# PROBLEM TO SOLVE:
Exact repetition of a range: find the line containing "Marta Nawrocka pojawiła" and the line containing "VLOG маленькой блондинки: сладкая" in the material below, then repeat both and all lines between them, leaving pictures out.
──────── INFORMATION SUPPLIED ────────
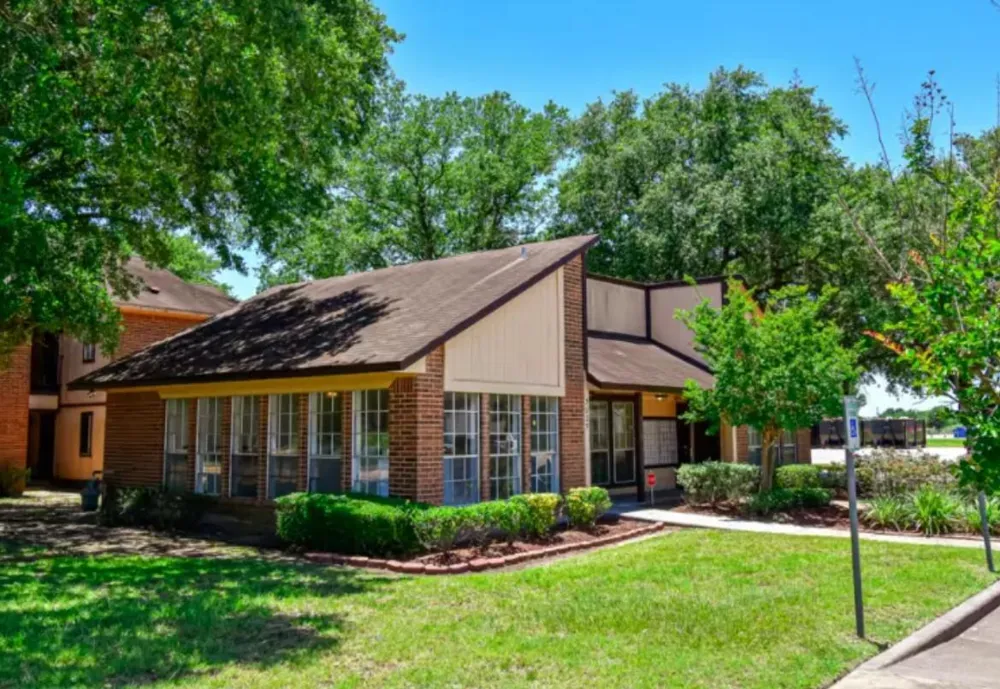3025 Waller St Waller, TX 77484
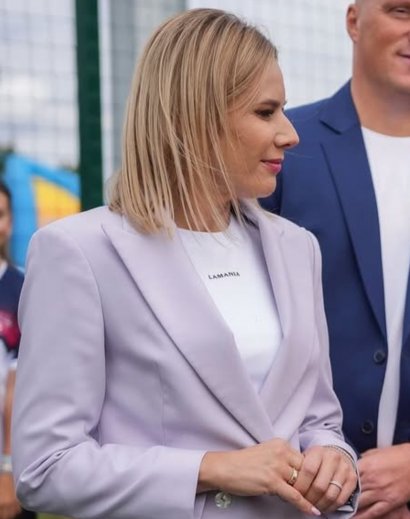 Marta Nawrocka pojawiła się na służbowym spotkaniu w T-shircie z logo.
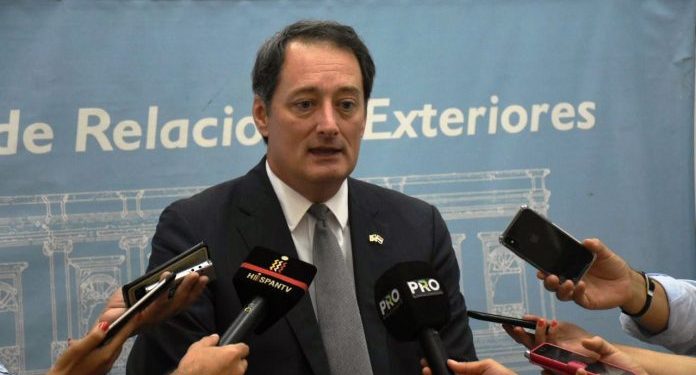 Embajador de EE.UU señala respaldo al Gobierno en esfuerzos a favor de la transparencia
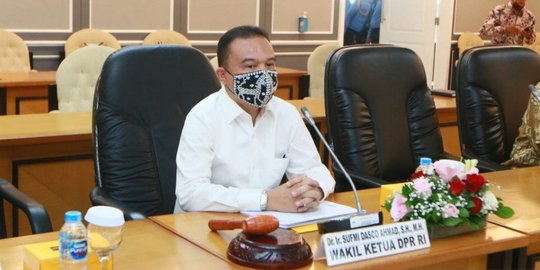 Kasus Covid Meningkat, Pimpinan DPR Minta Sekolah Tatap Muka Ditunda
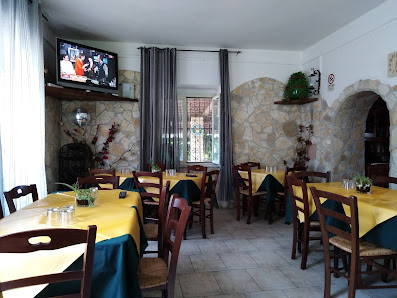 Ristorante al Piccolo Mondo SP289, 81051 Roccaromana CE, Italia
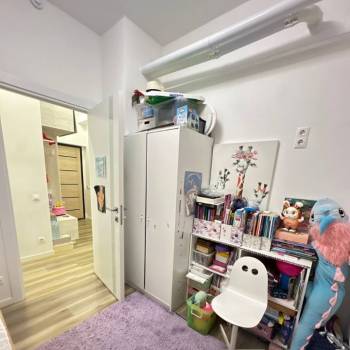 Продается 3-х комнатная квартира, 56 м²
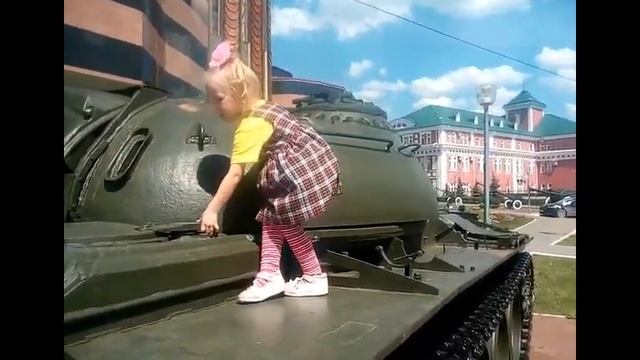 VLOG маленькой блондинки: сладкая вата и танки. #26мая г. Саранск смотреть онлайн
────────
──────── INFORMATION SUPPLIED ────────
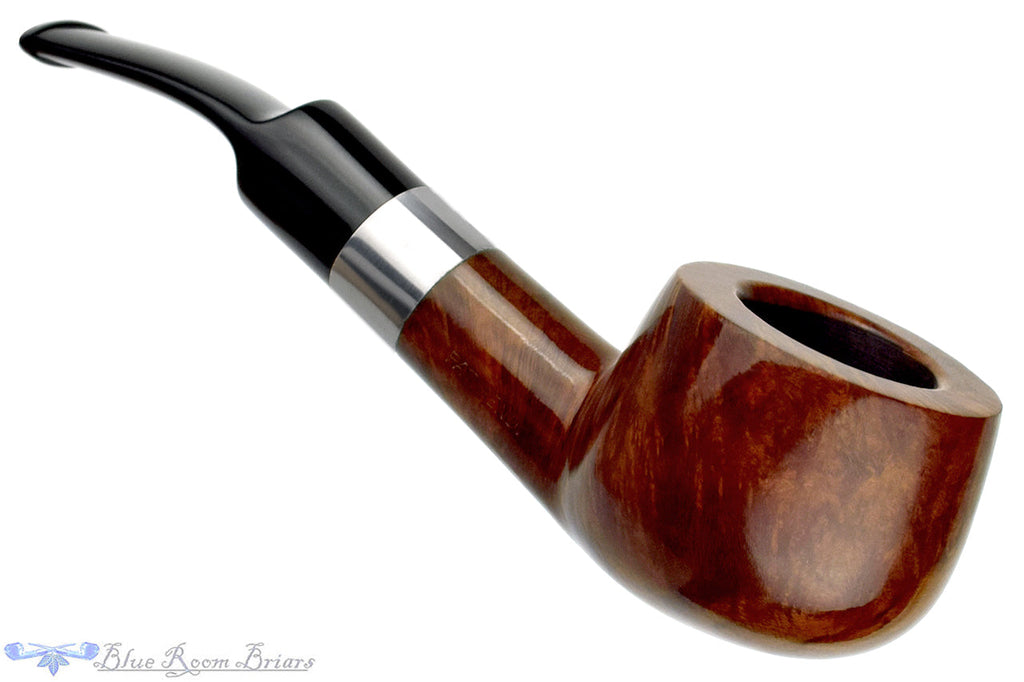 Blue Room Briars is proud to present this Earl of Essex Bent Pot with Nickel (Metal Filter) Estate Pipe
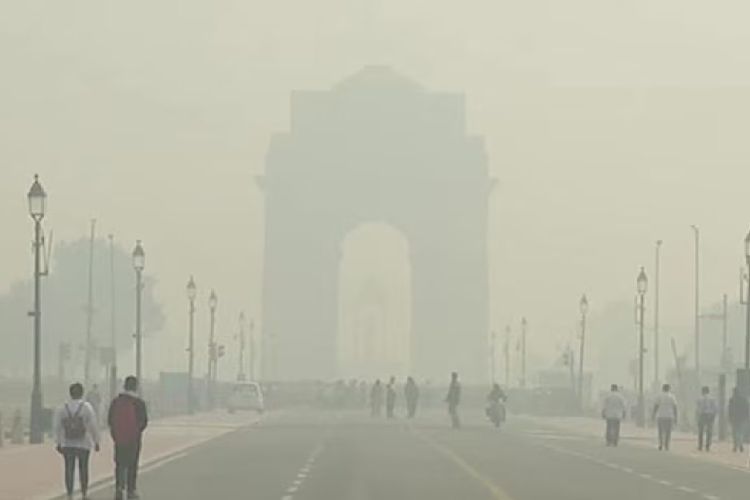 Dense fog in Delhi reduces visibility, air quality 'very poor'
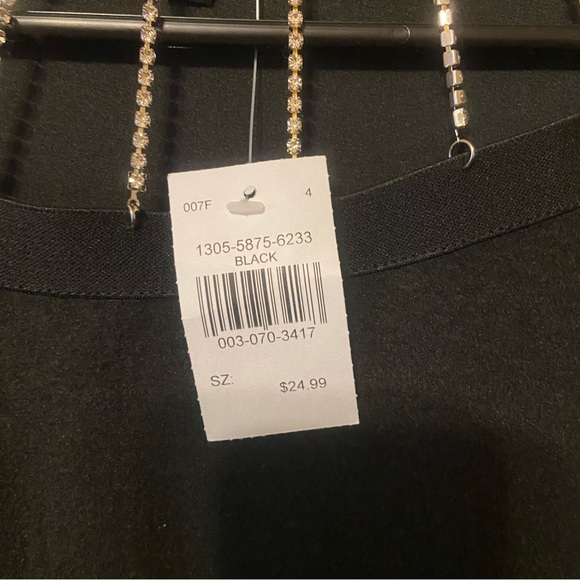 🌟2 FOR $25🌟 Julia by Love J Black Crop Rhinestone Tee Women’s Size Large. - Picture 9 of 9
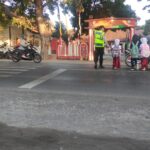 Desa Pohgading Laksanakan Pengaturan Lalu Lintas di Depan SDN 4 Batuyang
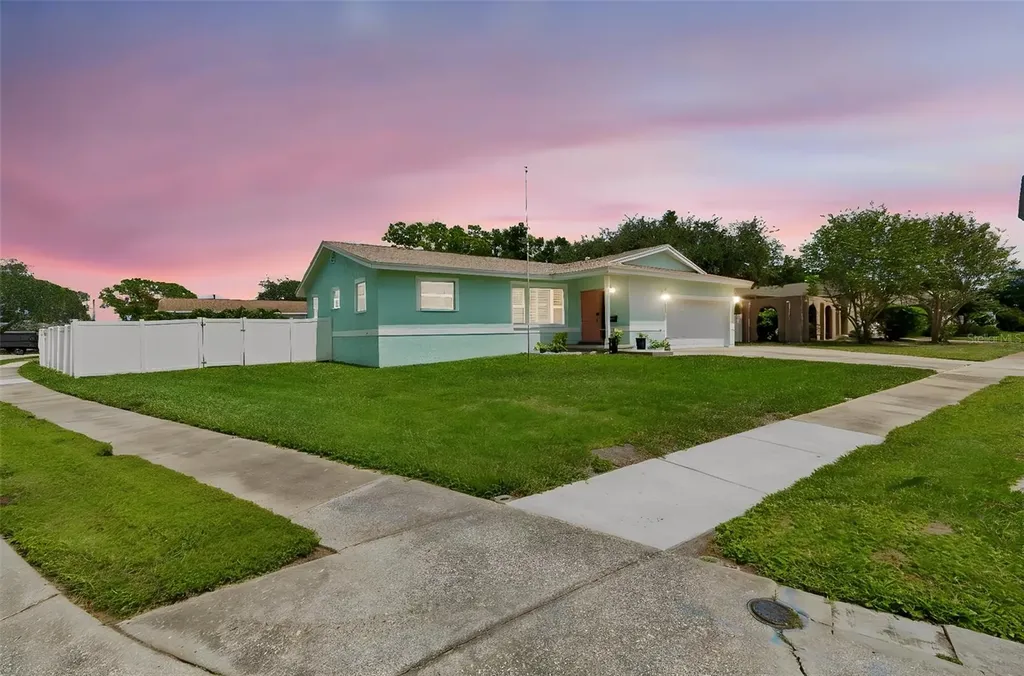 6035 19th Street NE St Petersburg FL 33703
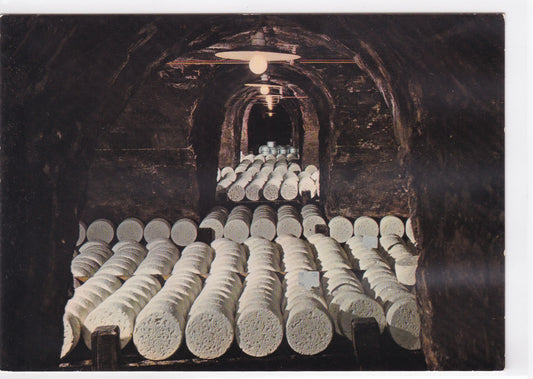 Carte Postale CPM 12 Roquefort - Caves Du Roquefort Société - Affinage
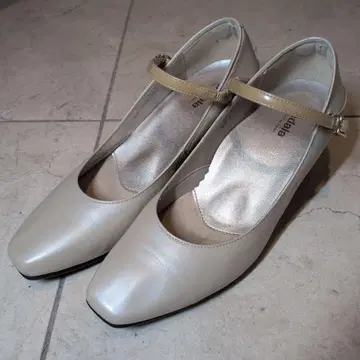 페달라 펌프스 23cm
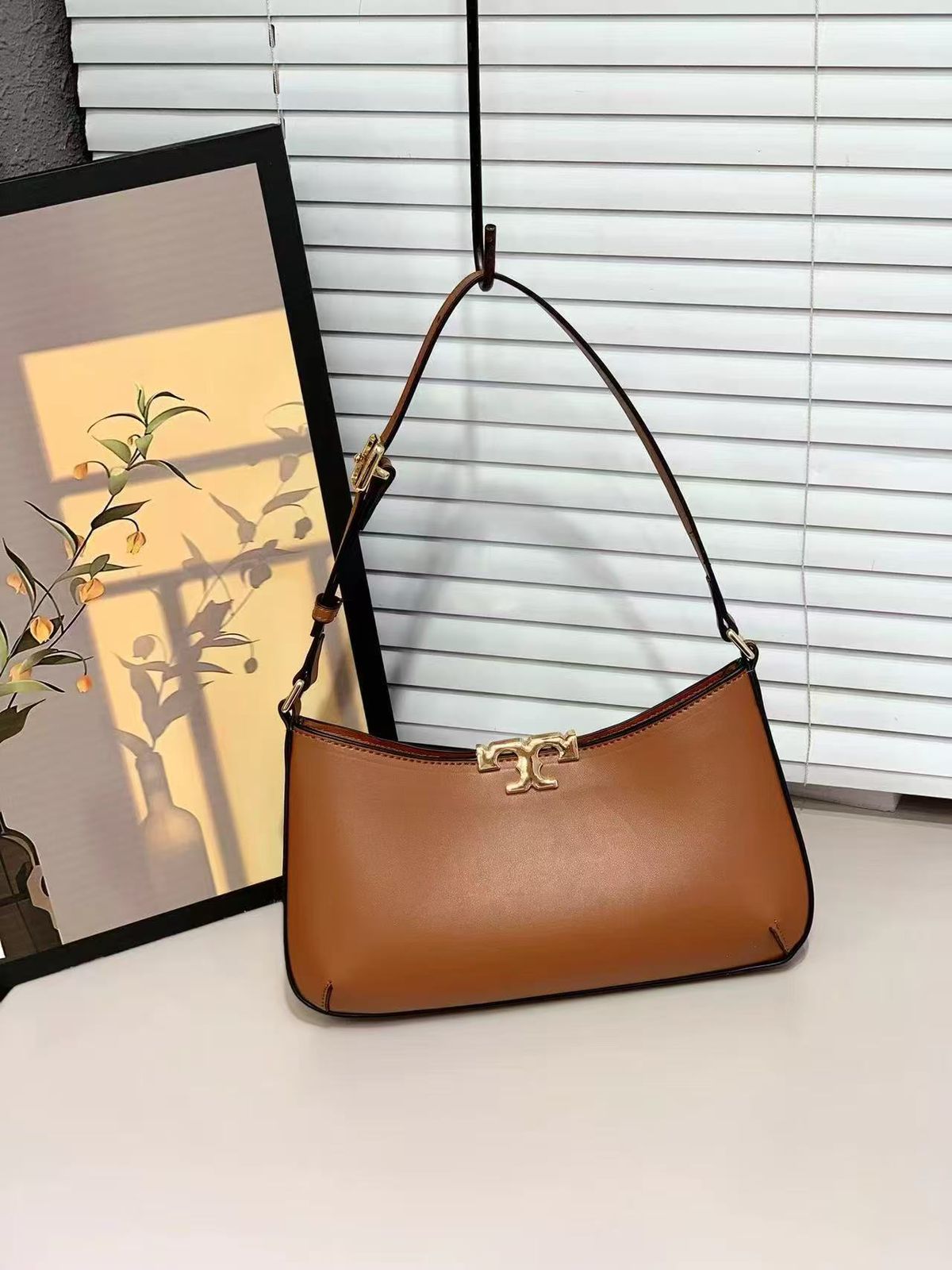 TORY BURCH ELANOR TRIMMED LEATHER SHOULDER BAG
────────
──────── INFORMATION SUPPLIED ────────
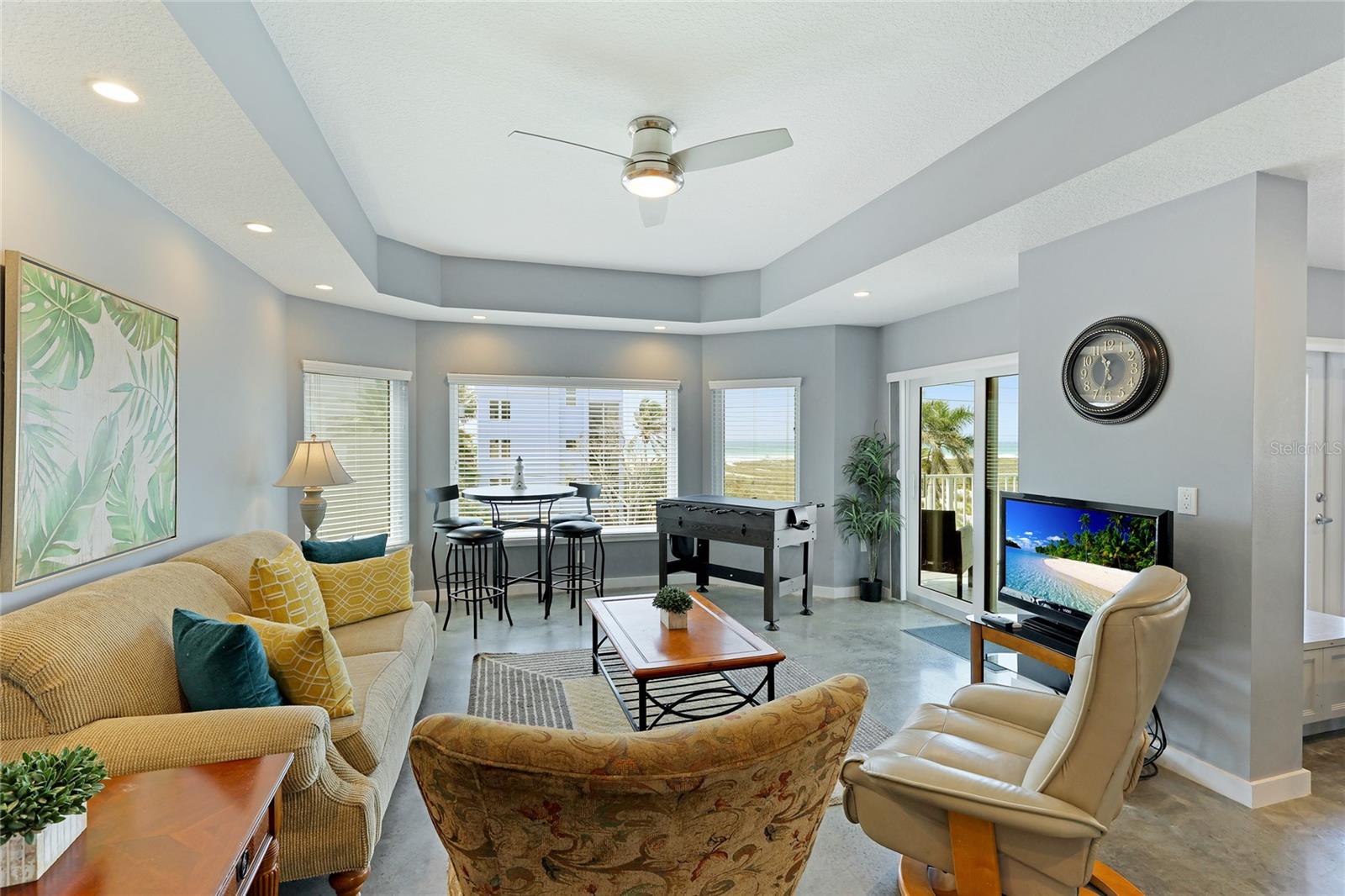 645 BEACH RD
────────
# PROBLEM SOLUTION:
 Marta Nawrocka pojawiła się na służbowym spotkaniu w T-shircie z logo.
 Embajador de EE.UU señala respaldo al Gobierno en esfuerzos a favor de la transparencia
 Kasus Covid Meningkat, Pimpinan DPR Minta Sekolah Tatap Muka Ditunda
 Ristorante al Piccolo Mondo SP289, 81051 Roccaromana CE, Italia
 Продается 3-х комнатная квартира, 56 м²
 VLOG маленькой блондинки: сладкая вата и танки. #26мая г. Саранск смотреть онлайн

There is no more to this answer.